═════ Recorded data ═════

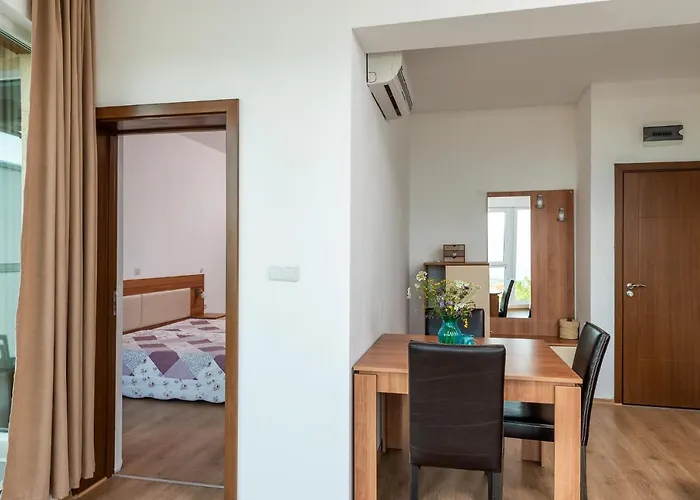 ホテル Entre Emona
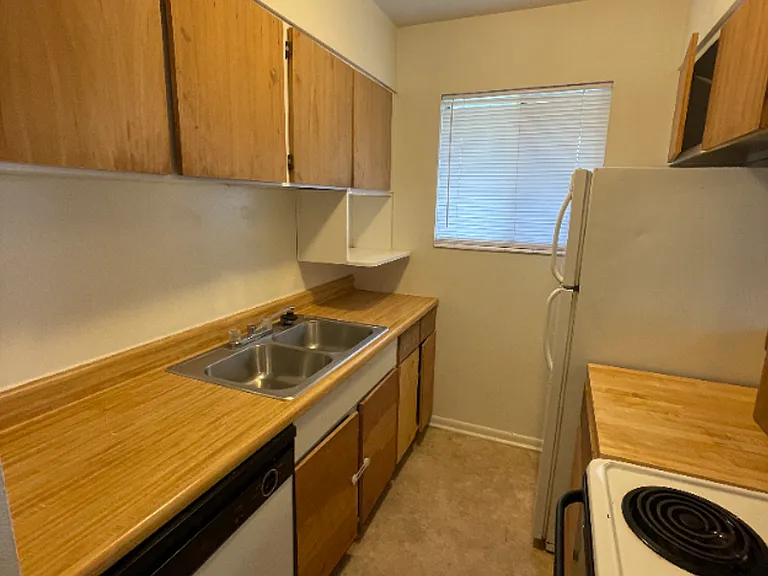 4371 / 4365 S Fairbourne Ave — Photo 4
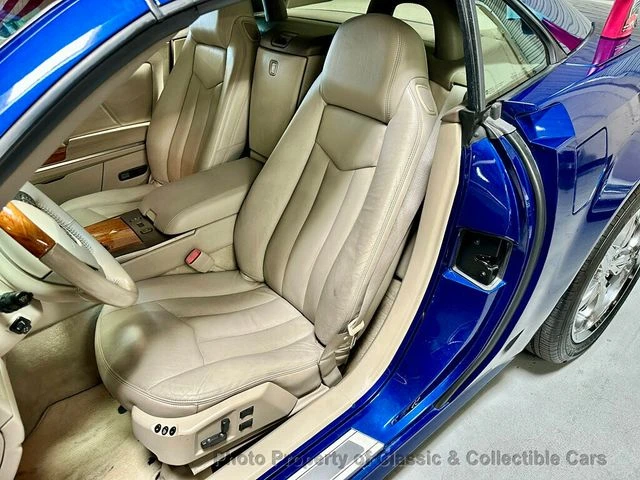 2004 Cadillac XLR - Image 12 of 19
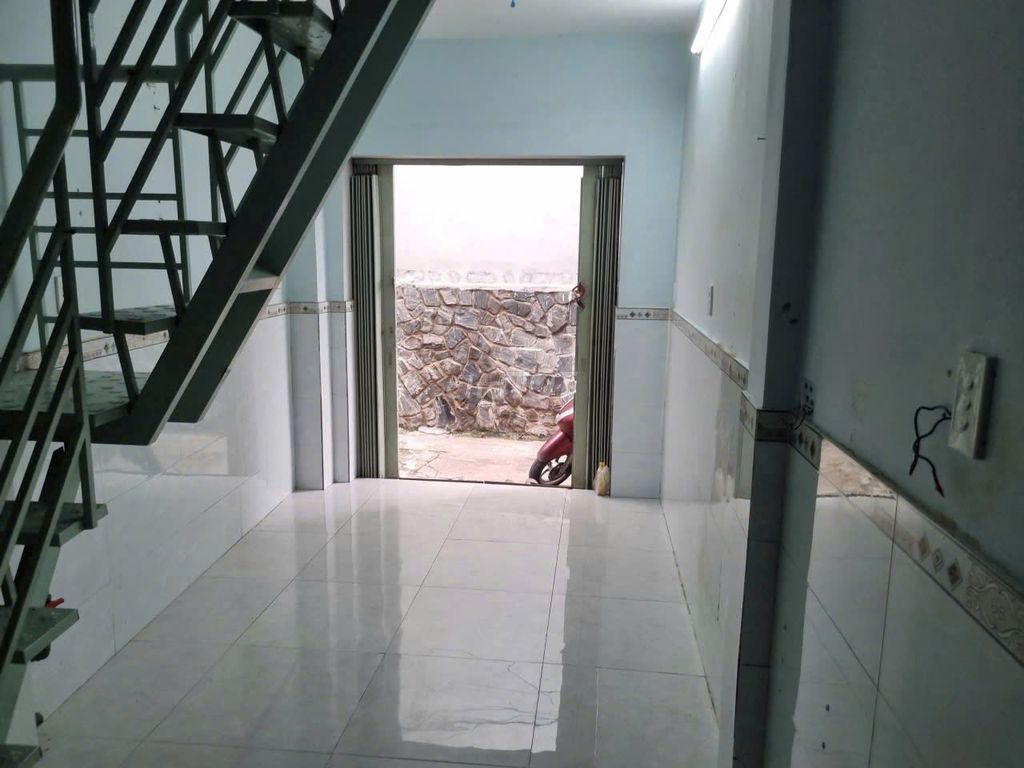 Qq's two, one ground, one floor, new.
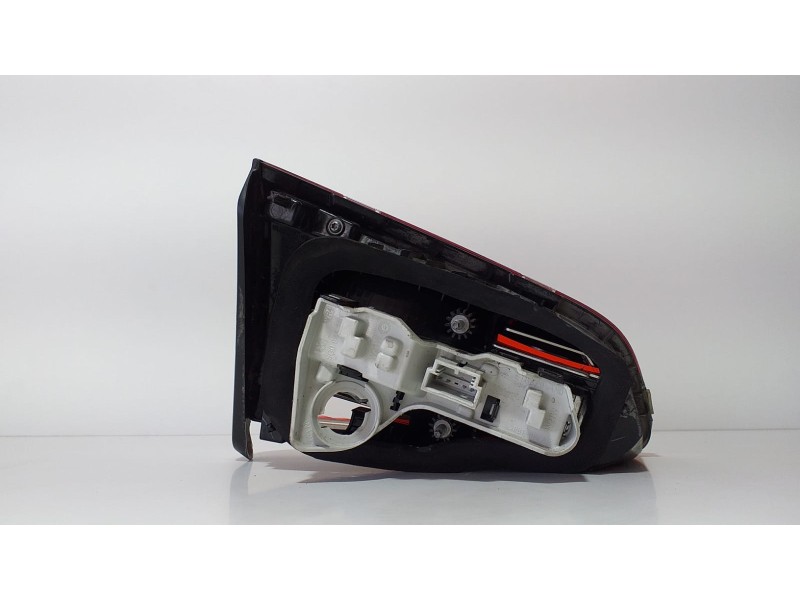 Recambio de piloto trasero derecho interior para volkswagen golf vii lim. advance bluemotion referencia OEM IAM 5G0945094AC 7281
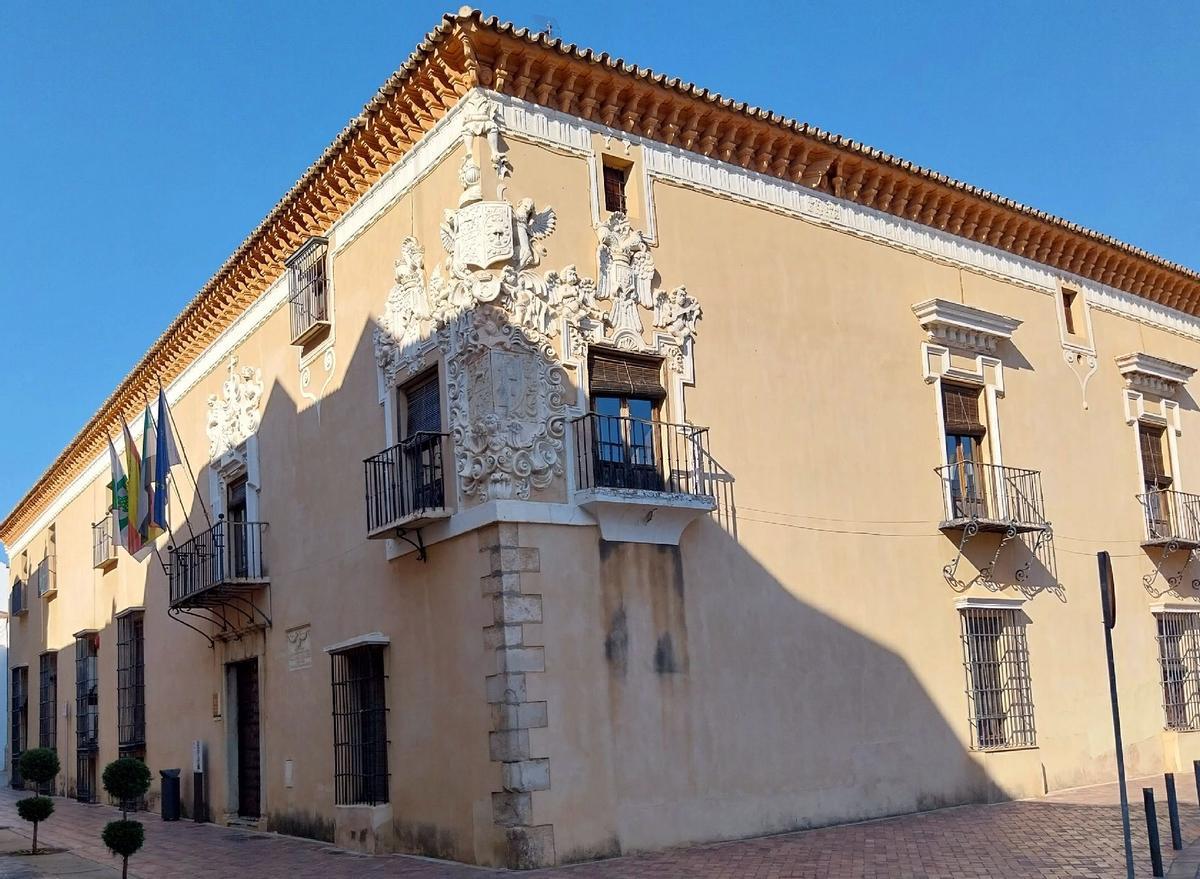 Fachada del Ayuntamiento de Almendralejo.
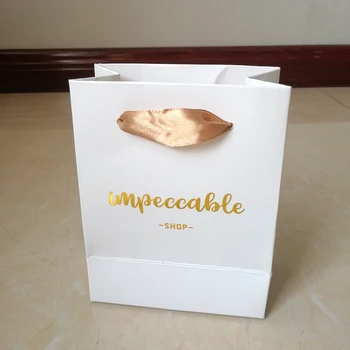 

Custom Luxury Brand Paper Bag with Ribbon Glossy Coated Gift Bags Event Christmas Tiny Gift Packaging Favor for Boutique Wedding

═════

Exercise aim
Transcribe nothing but the lines from the one containing "Fachada del Ayuntamiento de Almendralejo." through the final line of the records, exactly as written and without pictures.

Result of this exercise
 Fachada del Ayuntamiento de Almendralejo.

Custom Luxury Brand Paper Bag with Ribbon Glossy Coated Gift Bags Event Christmas Tiny Gift Packaging Favor for Boutique Wedding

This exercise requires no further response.